In 2006 Bryon (as a Marine) was in Yuma, AZ and decided to drive up to Los Angeles to see me.

We went to Benihana for dinner during his visit to Los Angeles. His buddy had never been to one so the onion slice volcano blew the youngster away. Bryon laughed. I loved his laugh. It was infectious.

When we were in the 6th grade our class field trip was to Medieval Times in Anaheim CA. We wanted to relive that memory.... and so we did. There's a photo somewhere of Bryon and I standing with the princess of the realm that night. I miss that photo right now more than any other possession I ever owned. It was in the uhaul when it was stolen a few years ago. What I wouldn't do to have that one photo back. I never knew an 8x10 would mean that much to me.

As a special treat, we decided to go visit our old home of George AFB together. So many of the buildings were gone that I had a clear view of where his house was still standing from where the rubble of mine lay. Emotional, he began the walk to his old front porch. He was gone for some time, but when he returned he had a broad smile - and a slip of paper.

"Look at this," he shouted, visibly excited. He showed me the paper. "It's a work order to get something fixed, and it has my dads signature on it! I found it in a drawer upstairs."

That's how I remember him best - smiling and excited, happy to the point of being overjoyed by something as simple as a piece of paper.
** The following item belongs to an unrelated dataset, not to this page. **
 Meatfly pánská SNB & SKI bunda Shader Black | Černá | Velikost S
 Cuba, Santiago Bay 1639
A military work order.

I remember the day he told me he was testing for the MENSA group - a group of super-geniuses... I was so proud, but far from surprised.
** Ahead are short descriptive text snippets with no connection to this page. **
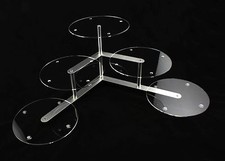 Aluminium Acryl Tortenständer Hochzeit 3 Etagen Etagere Geburtstag Alu Ø 30cm #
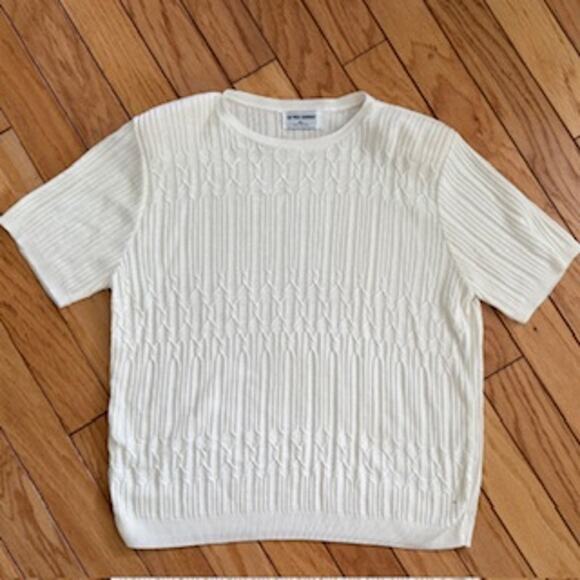 Vintage Alfred Dunner Cream Sweater XL - Picture 1 of 6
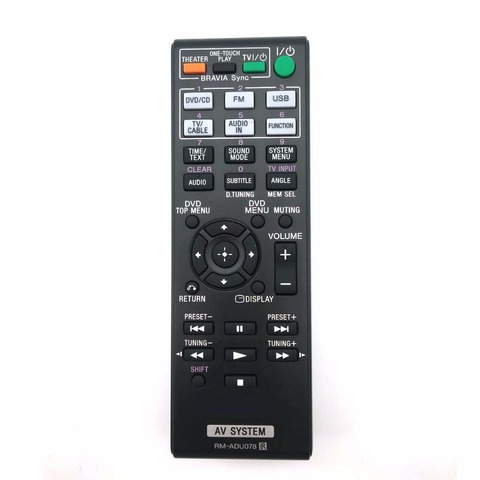 New Remote Control RM-ADU078 for SONY AV System Power Amplifier DAV-TZ230 DAV-TZ510 DAV-TZ630 DAV-TZ710 HBD-TZ135 HBD-TZ530 ► Photo 1/2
About six years ago Brian was diagnosed with an aggressive brain tumor. He was given only a couple of weeks to live - but he fought like a Marine!!! He wasn't going out without a fight. Six long years, a few remission a and a few relapses later, Bryon told me that he believed we should be together. He saw us as having a future. We knew one another so well. We always had. He wanted to buy us a house. He said he loved me. I admitted that I had always loved him too. That had never changed. I planned to go visit him... but I just never made it.
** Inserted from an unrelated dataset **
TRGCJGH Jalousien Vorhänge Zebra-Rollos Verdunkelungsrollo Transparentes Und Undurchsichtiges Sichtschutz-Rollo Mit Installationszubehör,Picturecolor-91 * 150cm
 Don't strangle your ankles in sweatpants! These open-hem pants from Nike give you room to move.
Bryon died yesterday, on 6-11-13 and I know the world will never be the same. MY world will never be the same. There will be a deep, gaping hole in my heart, a place that only he could fill, and did, every single day. He was such a brave man. He was my friend. He was my family. He was my HERO. He was my Marine.

I went through the other stages of grief including anger - angry at the situation and guilt at not having been able to see him before he died, and anger at others for telling me not to feel guilt. I wanted to scream into the pillow - and did. I wanted to go for a run at top speed until I couldn't breathe - and I didn't. My breath was already forced and labored. I was in danger of hyperventilating. I wanted to hug someone - anyone. But there was nobody there. I was alone in Dallas in a strange hotel room with nothing but the four walls to bounce off of.

He was an amazing person. I know I won't ever forget him. He inspired me. He helped me. When he needed OTHERS most, he went out of his way to personally be there for others instead. He taught me what true strength and courage were.

I'm going to miss him. I can't keep my eyes dry yet. I've been up for over 24 hours and the only thing I see when I close my eyes is his face burned into my eye lids. I see him in Victorville holding that paper. I see him smiling with the princess. I see his glasses and thin frame in school way back when.... and I see him smiling at me, telling me he loves me... He's himself again, the strong Marine I knew him as. He's no longer hurting or sick or weak. He's powerful and tall and independent. And he's watching over all of us, telling each of us in his own way that he loves us.

Just this morning a man at the hotel stopped me on my way out. He told me "He wants you to know he loves you." That was all he said. He indicated upward. I knew........

I love you Bryon. I love you beyond life, beyond death and beyond the confines of the human imagination.

May God grant you peace in your eternal rest, my Friend. I miss you.